YOUR INSTRUCTIONS
Your copy should match the listing word for word, apart from the pictures, which are left out.

RECORDS PROVIDED Block Start

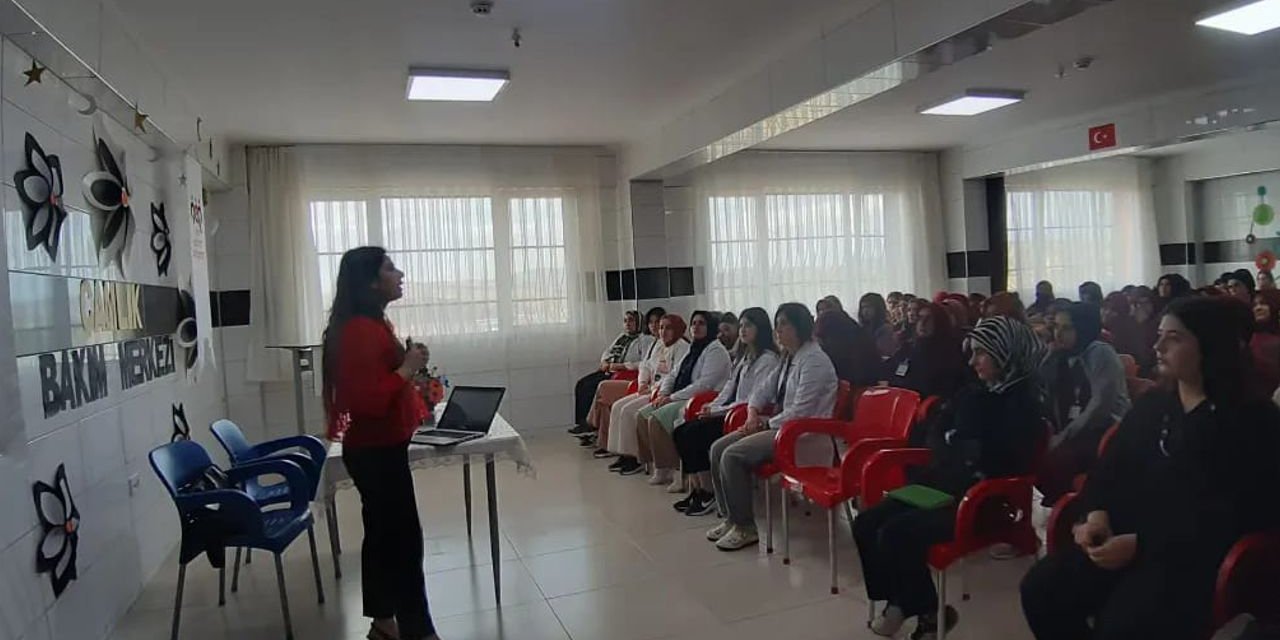 Yozgat'ta farkındalık seferberliği başlatıldı! Yoğun katılım sağlanıyor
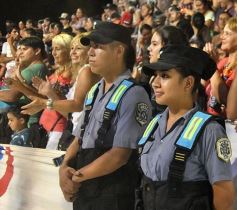 Foto de la galería: Carnavales posadeños: más de 40 mil personas disfrutaron en el cuarto tramo de la Costanera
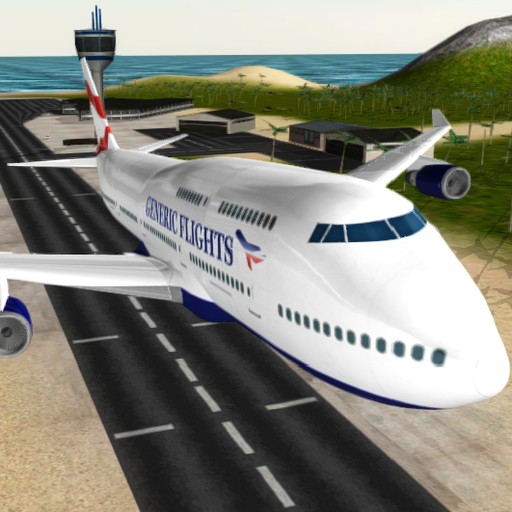 Drone Strike Flight Simulator 3D download the last version for apple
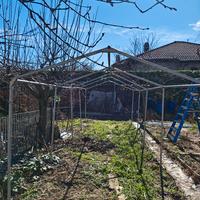 serra  atigrandine orto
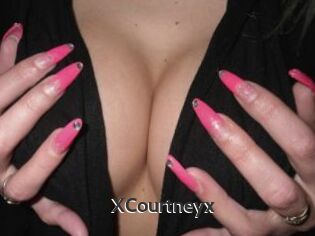 XCourtneyx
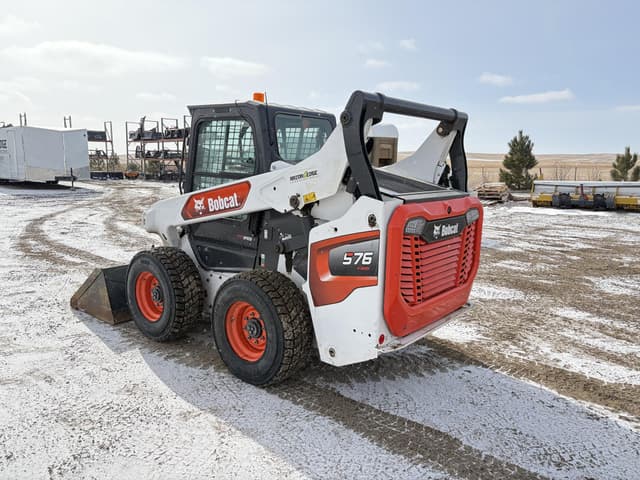 Image of Bobcat S76 equipment image 2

RECORDS PROVIDED Block End

WRITTEN REPLY
 Yozgat'ta farkındalık seferberliği başlatıldı! Yoğun katılım sağlanıyor
 Foto de la galería: Carnavales posadeños: más de 40 mil personas disfrutaron en el cuarto tramo de la Costanera
 Drone Strike Flight Simulator 3D download the last version for apple
 serra  atigrandine orto
 XCourtneyx
 Image of Bobcat S76 equipment image 2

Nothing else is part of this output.